Gratias agit 2022 : pour Antoine Marès, « l’Europe centrale est redevenue le centre de l’Europe »
Sept personnalités et une organisation se sont vu décerner, ce mercredi à Prague, le prix Gratias agit par le ministre tchèque des Affaires étrangères Jan Lipavský, pour leur contribution à la bonne renommée de la République tchèque dans le monde. Professeur émérite d’histoire à l’université Paris 1 Panthéon-Sorbonne, Antoine Marès fait partie des personnalités lauréates de cette récompense. Spécialiste de l’histoire contemporaine politique et culturelle des pays tchèques, il a également dirigé le Centre français de recherche en sciences sociales de Prague (CEFRES) de 1998 à 2001, dont il a été un des initiateurs. Pour Radio Prague Int., il est revenu sur son parcours, sa vision du rôle de la Tchéquie et de l’Europe centrale à la lumière de la guerre en Ukraine, mais aussi sur la distinction qui lui a été faite :
« Ce prix bien sûr est un honneur, un honneur que j’avais refusé précédemment. Il m’avait été proposé en 2017. C’était l’époque où le directeur adjoint du Centre tchèque de Paris avait été renvoyé dans des conditions que je réprouvais profondément. J’ai donc refusé l’attribution du prix. Cette année, c’était dans un autre temps et un autre contexte politique, j’ai été très heureux de répondre à la demande du ministre tchèque des Affaires étrangères et transmise par l’ambassadeur de République tchèque à Paris, Michel Fleischmann. »

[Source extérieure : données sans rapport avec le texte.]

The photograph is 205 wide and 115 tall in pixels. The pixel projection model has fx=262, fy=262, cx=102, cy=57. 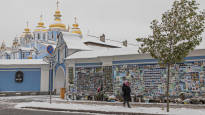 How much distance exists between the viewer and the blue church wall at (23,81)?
1051 inches

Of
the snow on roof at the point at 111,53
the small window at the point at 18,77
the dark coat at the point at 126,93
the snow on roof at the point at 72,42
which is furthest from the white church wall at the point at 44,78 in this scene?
the dark coat at the point at 126,93

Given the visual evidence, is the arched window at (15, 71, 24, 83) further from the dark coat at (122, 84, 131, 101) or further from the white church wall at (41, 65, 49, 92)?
the dark coat at (122, 84, 131, 101)

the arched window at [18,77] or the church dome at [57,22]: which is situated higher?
the church dome at [57,22]

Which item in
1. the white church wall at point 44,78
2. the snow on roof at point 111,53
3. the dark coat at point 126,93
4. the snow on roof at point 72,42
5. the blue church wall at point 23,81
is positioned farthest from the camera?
the white church wall at point 44,78

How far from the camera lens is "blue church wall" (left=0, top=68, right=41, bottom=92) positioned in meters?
26.7

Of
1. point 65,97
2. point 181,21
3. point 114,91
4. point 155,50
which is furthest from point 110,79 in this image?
point 181,21

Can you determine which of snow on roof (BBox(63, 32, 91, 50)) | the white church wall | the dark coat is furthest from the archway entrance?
the dark coat

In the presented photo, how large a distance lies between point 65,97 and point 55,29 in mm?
35646

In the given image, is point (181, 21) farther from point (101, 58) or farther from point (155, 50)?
point (101, 58)

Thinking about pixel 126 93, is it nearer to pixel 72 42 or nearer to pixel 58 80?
pixel 72 42

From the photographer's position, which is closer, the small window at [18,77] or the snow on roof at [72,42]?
the snow on roof at [72,42]

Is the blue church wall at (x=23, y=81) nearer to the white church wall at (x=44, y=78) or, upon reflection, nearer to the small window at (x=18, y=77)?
the small window at (x=18, y=77)

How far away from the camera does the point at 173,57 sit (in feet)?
37.0

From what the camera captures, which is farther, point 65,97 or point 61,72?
point 61,72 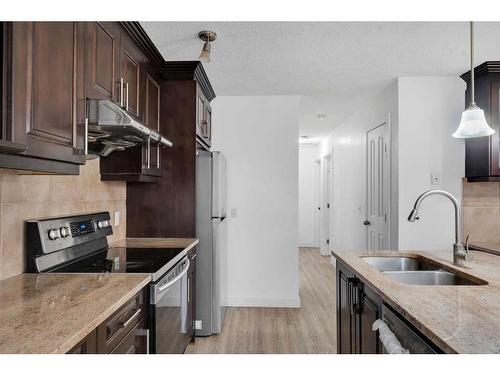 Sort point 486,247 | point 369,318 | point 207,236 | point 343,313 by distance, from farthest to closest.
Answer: point 207,236, point 486,247, point 343,313, point 369,318

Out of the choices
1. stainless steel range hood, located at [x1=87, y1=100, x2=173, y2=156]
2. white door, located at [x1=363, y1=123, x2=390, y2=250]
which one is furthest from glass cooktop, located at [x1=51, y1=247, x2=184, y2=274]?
white door, located at [x1=363, y1=123, x2=390, y2=250]

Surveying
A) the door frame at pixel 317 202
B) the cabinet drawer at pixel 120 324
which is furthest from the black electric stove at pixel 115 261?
the door frame at pixel 317 202

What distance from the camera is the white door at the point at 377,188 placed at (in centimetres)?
344

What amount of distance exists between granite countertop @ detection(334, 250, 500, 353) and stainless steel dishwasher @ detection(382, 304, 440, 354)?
0.06 metres

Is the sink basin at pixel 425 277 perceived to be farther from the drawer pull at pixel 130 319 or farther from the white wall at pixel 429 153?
the white wall at pixel 429 153

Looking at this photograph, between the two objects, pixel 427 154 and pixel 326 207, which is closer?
pixel 427 154

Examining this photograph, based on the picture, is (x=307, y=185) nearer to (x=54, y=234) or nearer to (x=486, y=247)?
(x=486, y=247)

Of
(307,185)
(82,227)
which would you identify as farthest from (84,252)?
(307,185)

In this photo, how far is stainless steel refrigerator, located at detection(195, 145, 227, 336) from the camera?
2.73 m

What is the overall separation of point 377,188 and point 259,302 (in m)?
1.82

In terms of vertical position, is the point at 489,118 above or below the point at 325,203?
above

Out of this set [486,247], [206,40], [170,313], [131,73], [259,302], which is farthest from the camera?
[259,302]

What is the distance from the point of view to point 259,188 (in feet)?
12.2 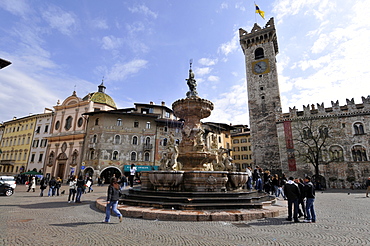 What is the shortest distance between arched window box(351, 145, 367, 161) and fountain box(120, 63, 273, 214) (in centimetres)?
2864

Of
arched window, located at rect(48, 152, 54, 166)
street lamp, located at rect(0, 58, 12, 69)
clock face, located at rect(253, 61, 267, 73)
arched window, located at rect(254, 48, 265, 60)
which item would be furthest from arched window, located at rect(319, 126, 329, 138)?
arched window, located at rect(48, 152, 54, 166)

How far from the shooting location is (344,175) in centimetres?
3003

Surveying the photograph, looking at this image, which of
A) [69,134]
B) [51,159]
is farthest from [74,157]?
[51,159]

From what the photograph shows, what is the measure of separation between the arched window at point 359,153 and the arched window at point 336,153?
1.43 m

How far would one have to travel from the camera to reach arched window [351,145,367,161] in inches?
1169

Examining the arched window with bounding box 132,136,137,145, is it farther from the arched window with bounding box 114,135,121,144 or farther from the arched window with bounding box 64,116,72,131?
the arched window with bounding box 64,116,72,131

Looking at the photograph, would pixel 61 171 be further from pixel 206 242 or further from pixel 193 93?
pixel 206 242

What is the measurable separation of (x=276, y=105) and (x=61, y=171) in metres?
40.8

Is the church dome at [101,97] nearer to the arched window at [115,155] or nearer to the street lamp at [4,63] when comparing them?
the arched window at [115,155]

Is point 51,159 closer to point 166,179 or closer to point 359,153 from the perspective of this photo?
point 166,179

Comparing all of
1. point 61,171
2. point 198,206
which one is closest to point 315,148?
point 198,206

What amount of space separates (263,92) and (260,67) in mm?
5618

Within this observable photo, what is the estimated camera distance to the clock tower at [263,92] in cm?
3738

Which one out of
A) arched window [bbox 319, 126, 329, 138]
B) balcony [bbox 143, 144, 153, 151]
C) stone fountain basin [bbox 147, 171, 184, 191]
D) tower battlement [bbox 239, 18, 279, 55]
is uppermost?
tower battlement [bbox 239, 18, 279, 55] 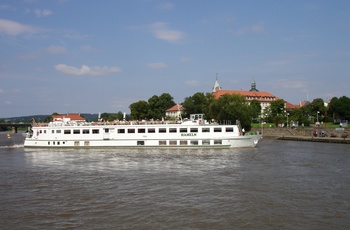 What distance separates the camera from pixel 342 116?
101m

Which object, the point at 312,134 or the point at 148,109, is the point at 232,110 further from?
the point at 148,109

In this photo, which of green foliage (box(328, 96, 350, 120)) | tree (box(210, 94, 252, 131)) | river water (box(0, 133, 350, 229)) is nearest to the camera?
river water (box(0, 133, 350, 229))

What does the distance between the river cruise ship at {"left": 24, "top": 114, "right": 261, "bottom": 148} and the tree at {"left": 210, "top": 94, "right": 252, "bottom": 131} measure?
23.6 metres

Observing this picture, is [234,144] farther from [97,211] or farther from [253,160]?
[97,211]

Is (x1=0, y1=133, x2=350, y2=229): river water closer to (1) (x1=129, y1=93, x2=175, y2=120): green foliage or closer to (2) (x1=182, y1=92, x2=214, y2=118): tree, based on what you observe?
(2) (x1=182, y1=92, x2=214, y2=118): tree

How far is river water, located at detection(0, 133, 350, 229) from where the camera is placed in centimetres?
1459

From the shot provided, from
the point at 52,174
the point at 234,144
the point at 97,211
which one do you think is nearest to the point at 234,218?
the point at 97,211

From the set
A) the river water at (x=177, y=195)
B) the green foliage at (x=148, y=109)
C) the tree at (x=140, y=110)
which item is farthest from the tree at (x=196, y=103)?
the river water at (x=177, y=195)

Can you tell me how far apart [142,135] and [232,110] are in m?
29.4

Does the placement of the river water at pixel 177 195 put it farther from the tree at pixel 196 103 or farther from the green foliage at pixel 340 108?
the green foliage at pixel 340 108

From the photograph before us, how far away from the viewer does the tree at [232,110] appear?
70000 millimetres

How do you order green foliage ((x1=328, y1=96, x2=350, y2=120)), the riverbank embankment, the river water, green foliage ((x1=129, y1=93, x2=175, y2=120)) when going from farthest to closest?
1. green foliage ((x1=129, y1=93, x2=175, y2=120))
2. green foliage ((x1=328, y1=96, x2=350, y2=120))
3. the riverbank embankment
4. the river water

Peut-on revenir sur les raisons qui vous ont amené à vous intéresser à l’histoire tchèque ?
« Plusieurs éléments ont joué. Paradoxalement, le fait que j’aie fait des études de russe au lycée : j’étais de cette génération qui apprenait le russe au lycée, sans a priori idéologique aucun. J’ai été fasciné par la culture russe à un tel point qu’au baccalauréat j’ai pris le russe en première langue. Le deuxième élément, c’est que je suis un enfant de 1968 : j’avais 17 ans, et j’ai été très frappé d’une part par les événements de mai 1968 à Paris, et par l’invasion de la Tchécoslovaquie qui entrait en contradiction avec ma vision de la culture russe et mon amour pour la culture russe. Le troisième élément, c’est ma rencontre à Aix-en-Provence, où j’ai commencé mes études, d’un lecteur de tchèque, Miroslav Pravda, qui m’a attiré vers le contexte tchèque. Je me destinais à être un spécialiste de la Russie du XIXe siècle et je suis devenu un spécialiste de l’Europe centrale, plus particulièrement de la Tchécoslovaquie. »
Vous étiez à Prague récemment, à l’occasion d’une conférence consacrée à la révocation des Accords de Munich par le Général de Gaulle, en 1942. Vous aviez évoqué à cette occasion avec notre collègue Magdalena Hrozínková une anecdote sur Paul Ricœur, discutant avec vous sur le Pont Charles, et évoquant l’empreinte laissée par ces accords sur les Français…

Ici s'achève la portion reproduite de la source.